By Lemma 3.1, $\{x_n\}$ is a p-Cauchy sequence. From Lemma 2.3, therefore $\{x_n\}$ is a Cauchy sequence. By the completeness of X, $\{x_n\}$ converges to some point $x\in X$. From (u3), we have $p(v,x)=0$ and so

$$\begin{array}{rcl}\varphi (v,x)& \le & \underset{n\to \mathrm{\infty }}{lim}inf\varphi (v,x_n)\\ \le & \underset{n\to \mathrm{\infty }}{lim}(\varphi (v,x_n)+\lambda p(v,x_n))=0.\end{array}$$

Thus, if $v\ne x$, then we have

$$\varphi (v,x)>-{\lambda }^{\prime }p(v,x)\ge \varphi (v,x).$$

This is a contradiction.
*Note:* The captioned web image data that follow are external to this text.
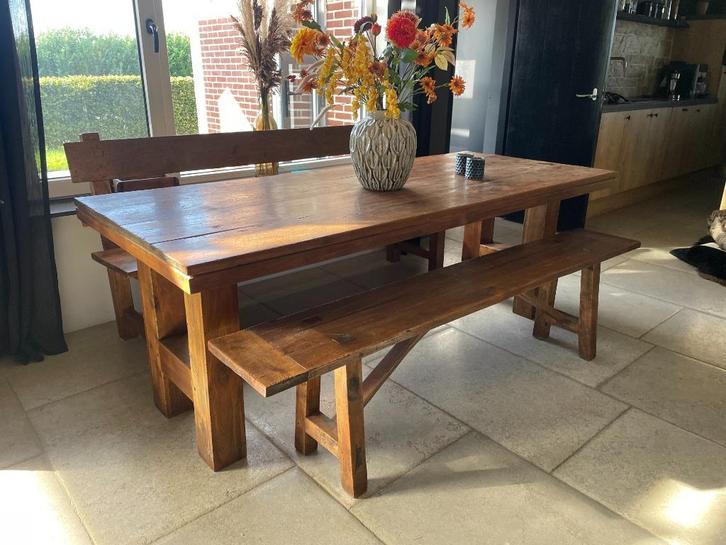 Prachtige teakhouten eettafel met 2 banken (Unieke prijs), Huis en Inrichting, Complete eetkamers, Gebruikt, 4 tot 6 stoelen, Ophalen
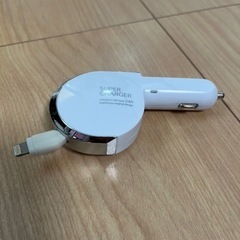 車　iPhone 充電器(取引中)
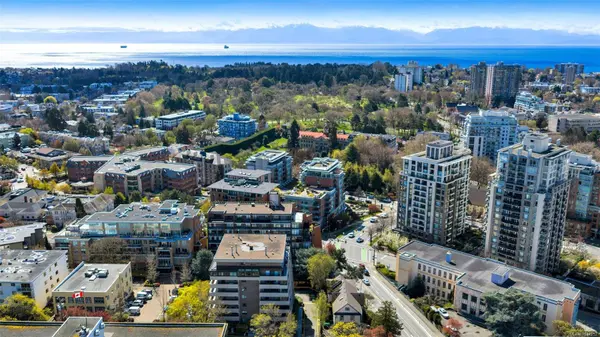 819 Burdett Ave #805, Victoria, BC V8W 1B3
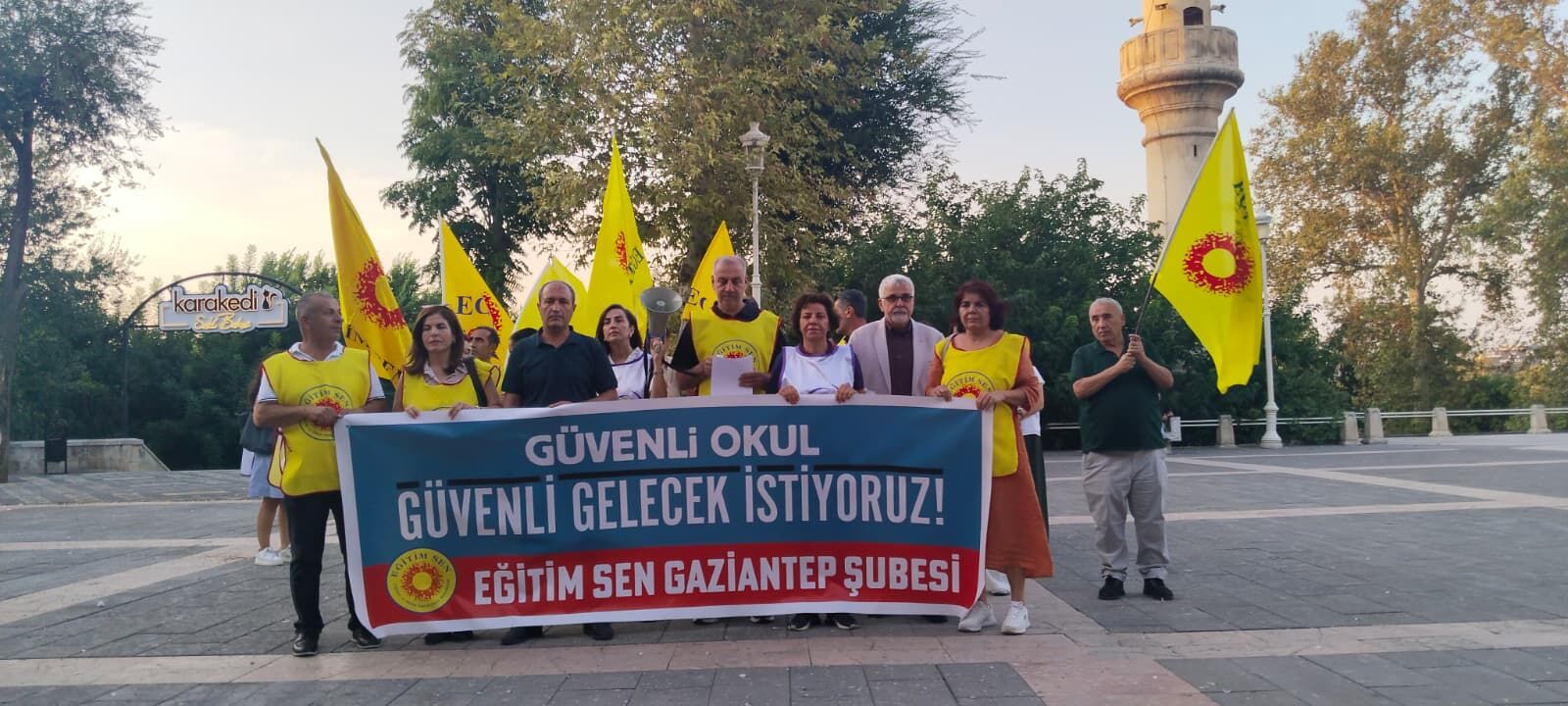 Eğitim Sen'den MEB'e uyarı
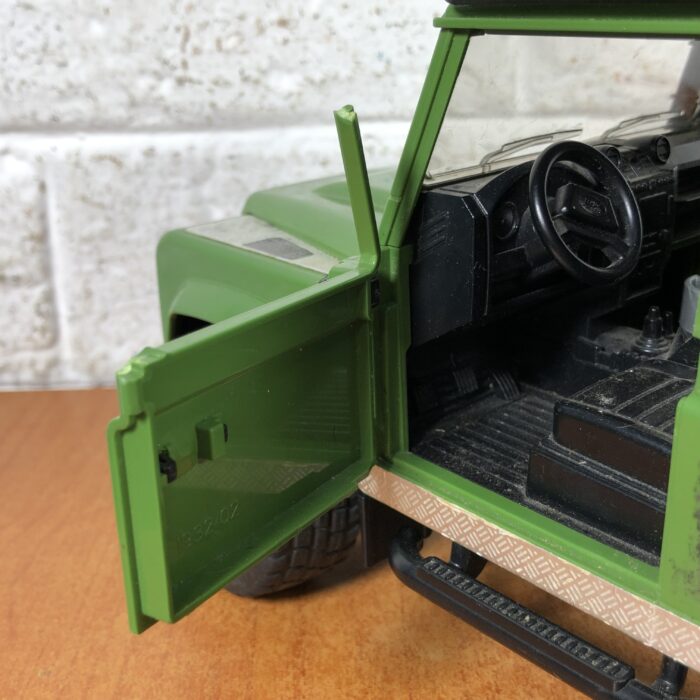 Bruder Land Rover Defender Station Wagon (1:16) ~ Made in Germany - Image 6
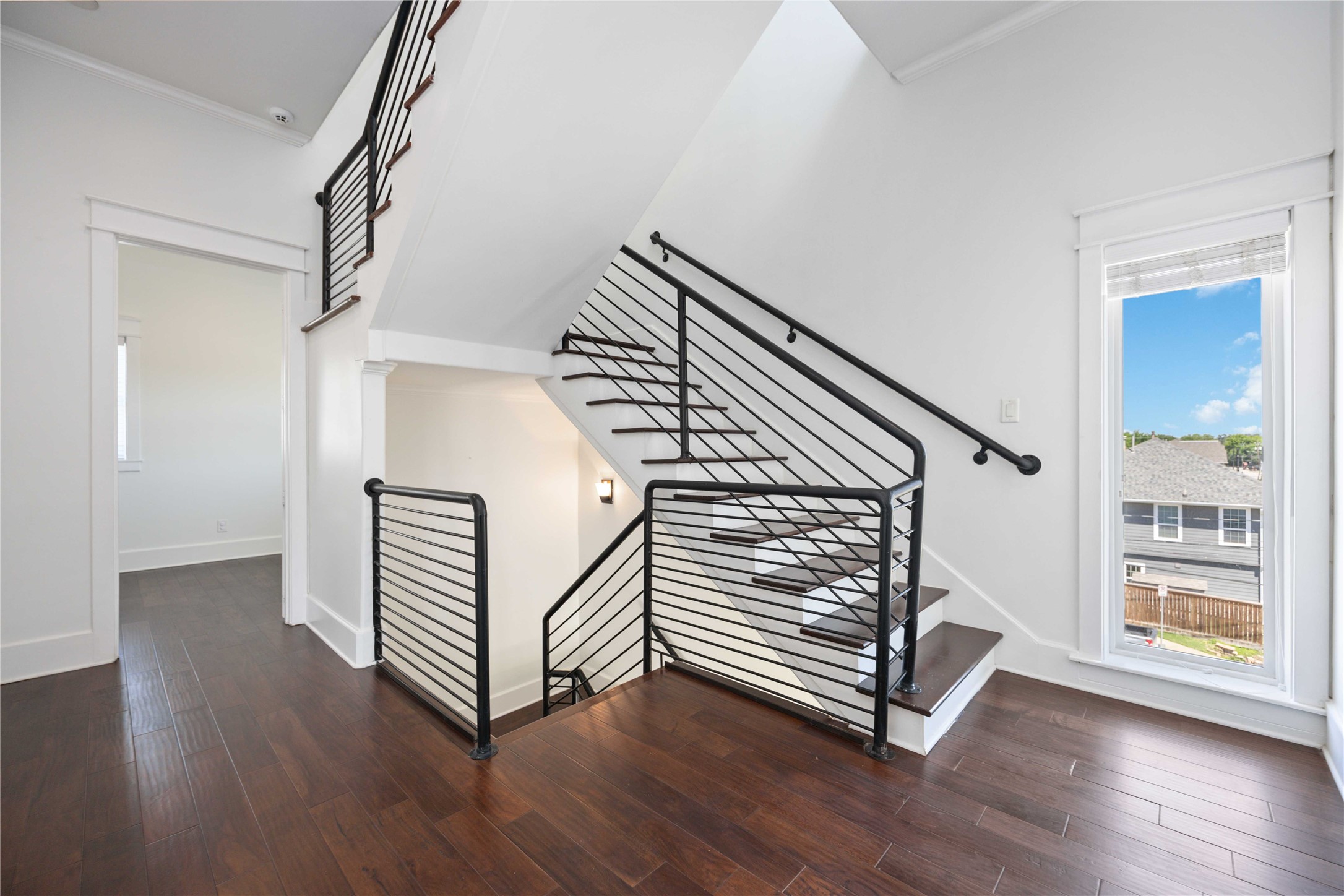 2211 Detering Street, Unit B Houston, TX 77007 - Photo 13 of 22 Second Floor Landing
Hence, we obtain $v=x$. □

Remark 3.8 By setting $\varphi (x,y)=f(y)-f(x)$, where $f:X\to \mathbb{R}$ is lower semicontinuous bounded below. Let p be a τ-distance in Theorem 3.7, we obtain the strong Ekeland variational principle proved by Suzuki [6].